[Opening Provided data section]

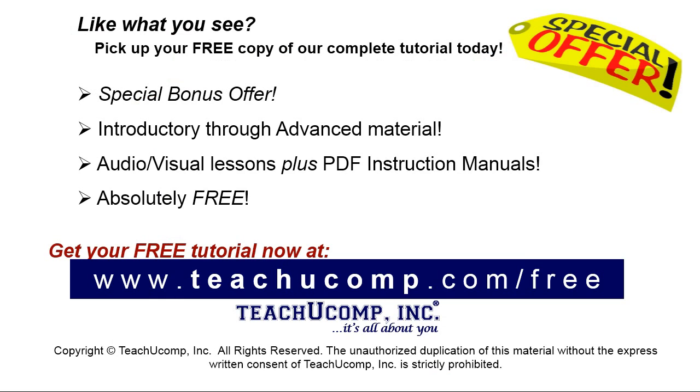Like what you see? Pick up your free copy of the complete tutorial at www.teachucomp.com forward slash free.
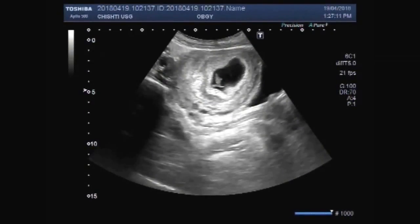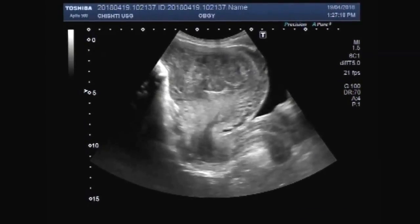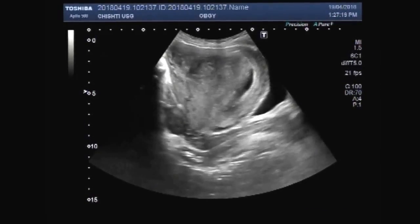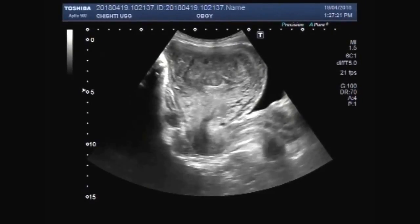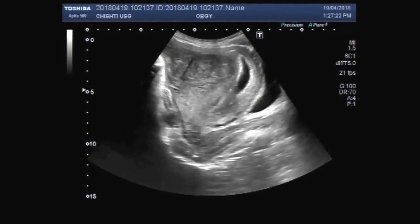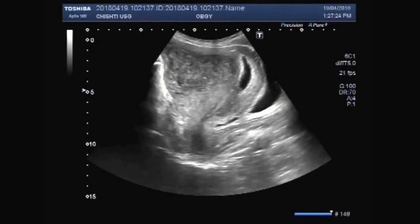Dear viewers, I hope you are all fine. This ultrasound video shows a female patient having pregnancy and a large ovarian mass — a left ovarian mass — attached to the interior wall of the uterus.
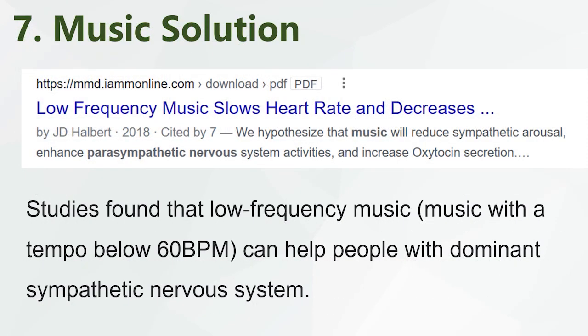Music Solution: Studies found that low-frequency music with a tempo below 60 BPM can help people with a dominant sympathetic nervous system.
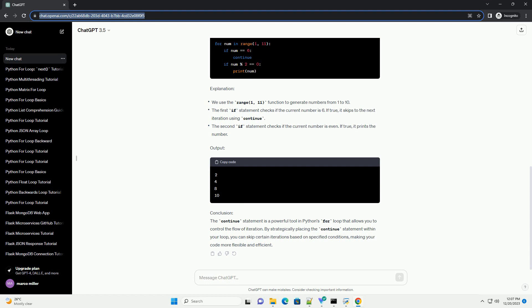Here, if the specified condition is met, the continue statement is executed, and the code block after it will be skipped for the current iteration.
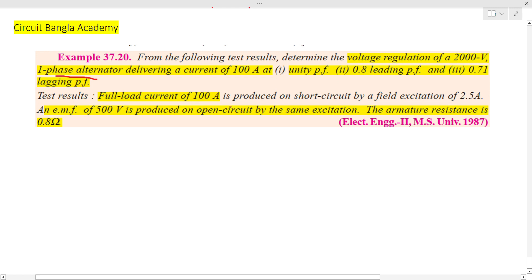Full load current is 100 ampere, short circuit field excitation is 2.7 ampere, and the short circuit current output is 2.5 ampere.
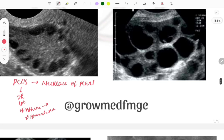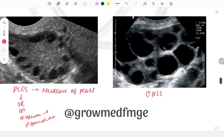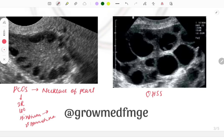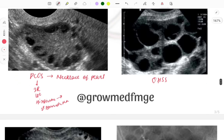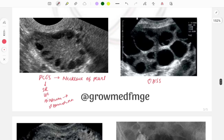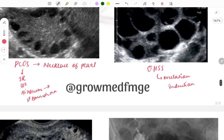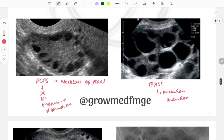The next image is of ovarian hyperstimulation syndrome — this is also an ovary but the follicles are of much greater size. When these rupture, estrogen is released into the blood, causing third-space fluid collection, edema, and swelling. This is most commonly associated with ovulation induction for infertility or IVF treatment.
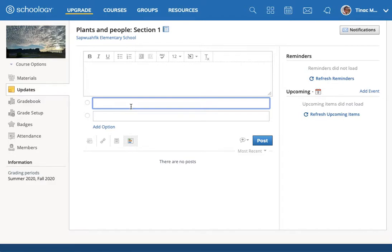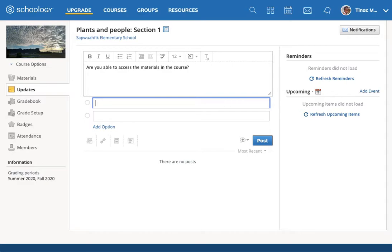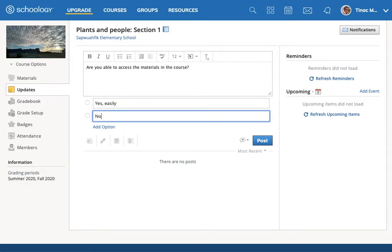In a poll you can ask questions of your students that they can then click on an answer, like are you able to access the materials in the course? And then yes easily, no only with difficulty.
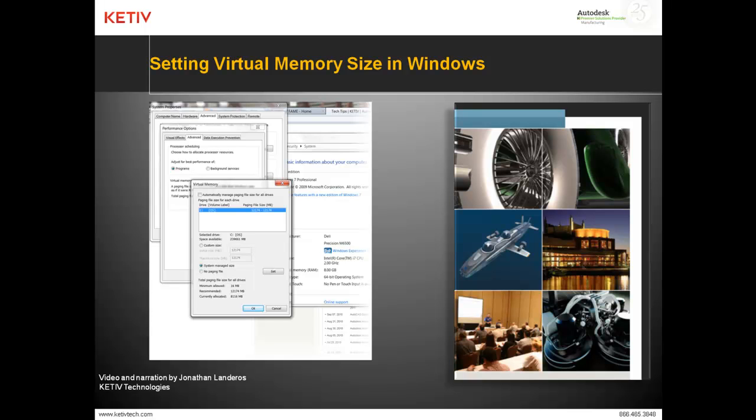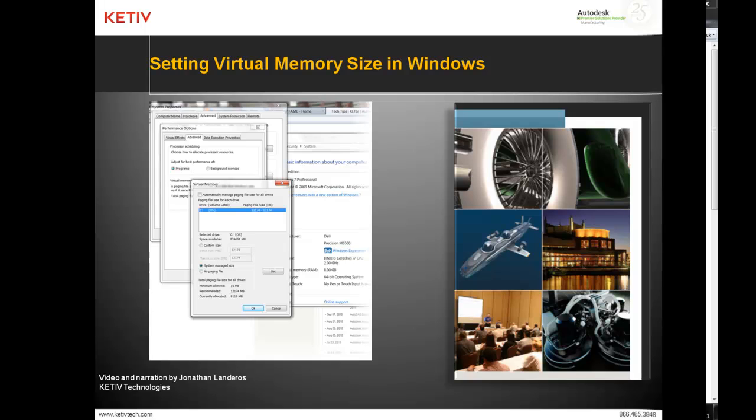Setting virtual memory correctly can have a huge impact on the performance of your Windows applications. This is Jonathan Landeros with Kativ Technologies, and in this video, we show how to set your virtual memory. We're setting it to 1.5 times physical RAM in this case.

[Closing Provided data section]

Work to complete = Restate each entry word for word, leaving out any pictures.

Written solution =
Like what you see? Pick up your free copy of the complete tutorial at www.teachucomp.com forward slash free.
Dear viewers, I hope you are all fine. This ultrasound video shows a female patient having pregnancy and a large ovarian mass — a left ovarian mass — attached to the interior wall of the uterus.
Music Solution: Studies found that low-frequency music with a tempo below 60 BPM can help people with a dominant sympathetic nervous system.
Here, if the specified condition is met, the continue statement is executed, and the code block after it will be skipped for the current iteration.
Full load current is 100 ampere, short circuit field excitation is 2.7 ampere, and the short circuit current output is 2.5 ampere.
The next image is of ovarian hyperstimulation syndrome — this is also an ovary but the follicles are of much greater size. When these rupture, estrogen is released into the blood, causing third-space fluid collection, edema, and swelling. This is most commonly associated with ovulation induction for infertility or IVF treatment.
In a poll you can ask questions of your students that they can then click on an answer, like are you able to access the materials in the course? And then yes easily, no only with difficulty.
Setting virtual memory correctly can have a huge impact on the performance of your Windows applications. This is Jonathan Landeros with Kativ Technologies, and in this video, we show how to set your virtual memory. We're setting it to 1.5 times physical RAM in this case.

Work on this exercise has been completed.